On 2/26/24 12:21 PM, Pavel Begunkov wrote:
> On 2/26/24 19:11, Jens Axboe wrote:
>> On 2/26/24 8:41 AM, Pavel Begunkov wrote:
>>> On 2/26/24 15:16, Jens Axboe wrote:
>>>> On 2/26/24 7:36 AM, Pavel Begunkov wrote:
>>>>> On 2/26/24 14:27, Jens Axboe wrote:
>>>>>> On 2/26/24 7:02 AM, Dylan Yudaken wrote:
>>>>>>> On Mon, Feb 26, 2024 at 1:38?PM Jens Axboe
>>>>>>> <axboe@xxxxxxxxx> wrote:
>>>>>>>> 
>>>>>>>> On 2/26/24 3:47 AM, Dylan Yudaken wrote:
>>>>>>>>> On Sun, Feb 25, 2024 at 12:46?AM Jens Axboe
>>>>>>>>> <axboe@xxxxxxxxx> wrote:
>>>>>>>>>> 
>>>>>>>>>> This works very much like the receive side, except
>>>>>>>>>> for sends. The idea is that an application can fill
>>>>>>>>>> outgoing buffers in a provided buffer group, and
>>>>>>>>>> then arm a single send that will service them all.
>>>>>>>>>> For now this variant just terminates when we are
>>>>>>>>>> out of buffers to send, and hence the application
>>>>>>>>>> needs to re-arm it if IORING_CQE_F_MORE isn't set,
>>>>>>>>>> as per usual for multishot requests.
>>>>>>>>>> 
>>>>>>>>> 
>>>>>>>>> This feels to me a lot like just using OP_SEND with
>>>>>>>>> MSG_WAITALL as described, unless I'm missing
>>>>>>>>> something?
>>>>>>>> 
>>>>>>>> How so?

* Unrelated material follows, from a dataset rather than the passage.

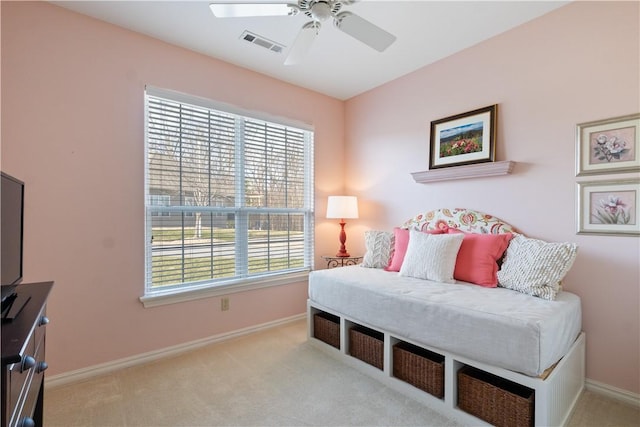 bedroom with light colored carpet and ceiling fan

MSG_WAITALL is "send X amount of data, and if
>>>>>>>> it's a short send, try again" where multishot is "send
>>>>>>>> data from this buffer group, and keep sending data
>>>>>>>> until it's empty". Hence it's the mirror of multishot 
>>>>>>>> on the receive side. Unless I'm misunderstanding you
>>>>>>>> somehow, not sure it'd be smart to add special meaning
>>>>>>>> to MSG_WAITALL with provided buffers.
>>>>>>>> 
>>>>>>> 
>>>>>>> _If_ you have the data upfront these are very similar,
>>>>>>> and only differ in that the multishot approach will give
>>>>>>> you more granular progress updates. My point was that
>>>>>>> this might not be a valuable API to people for only this
>>>>>>> use case.
>>>>>> 
>>>>>> Not sure I agree, it feels like attributing a different
>>>>>> meaning to MSG_WAITALL if you use a provided buffer vs if
>>>>>> you don't. And that to me would seem to be confusing.
>>>>>> Particularly when we have multishot on the receive side,
>>>>>> and this is identical, just for sends. Receives will keep 
>>>>>> receiving as long as there are buffers in the provided
>>>>>> group to receive into, and sends will keep sending for the
>>>>>> same condition. Either one will terminate if we run out of
>>>>>> buffers.
>>>>>> 
>>>>>> If you make MSG_WAITALL be that for provided buffers +
>>>>>> send, then that behaves differently than MSG_WAITALL with
>>>>>> receive, and MSG_WAITALL with send _without_ provided
>>>>>> buffers. I don't think overloading an existing flag for
>>>>>> this purposes is a good idea, particularly when we already
>>>>>> have the existing semantics for multishot on the receive
>>>>>> side.
>>>>> 
>>>>> I'm actually with Dylan on that and wonder where the perf
>>>>> win could come from. Let's assume TCP, sends are usually
>>>>> completed in the same syscall, otherwise your pacing is just
>>>>> bad. Thrift, for example, collects sends and packs into one
>>>>> multi iov request during a loop iteration. If the req
>>>>> completes immediately then the userspace just wouldn't have
>>>>> time to push more buffers by definition (assuming single
>>>>> threading).
>>>> 
>>>> The problem only occurs when they don't complete inline, and
>>>> now you get reordering. The application could of course attempt
>>>> to do proper pacing and see if it can avoid that condition. If
>>>> not, it now needs to
>>> 
>>> Ok, I admit that there are more than valid cases when artificial
>>> pacing is not an option, which is why I also laid out the polling
>>> case. Let's also say that limits potential perf wins to streaming
>>> and very large transfers (like files), not "lots of relatively
>>> small request-response" kinds of apps.
>> 
>> I don't think that's true - if you're doing large streaming, you're
>> more likely to keep the socket buffer full, whereas for smallish
>> sends, it's less likely to be full. Testing with the silly proxy
>> confirms that. And
> 
> I don't see any contradiction to what I said. With streaming/large 
> sends it's more likely to be polled. For small sends and 
> send-receive-send-... patterns the sock queue is unlikely to be full,
> in which case the send is processed inline, and so the feature
> doesn't add performance, as you agreed a couple email before.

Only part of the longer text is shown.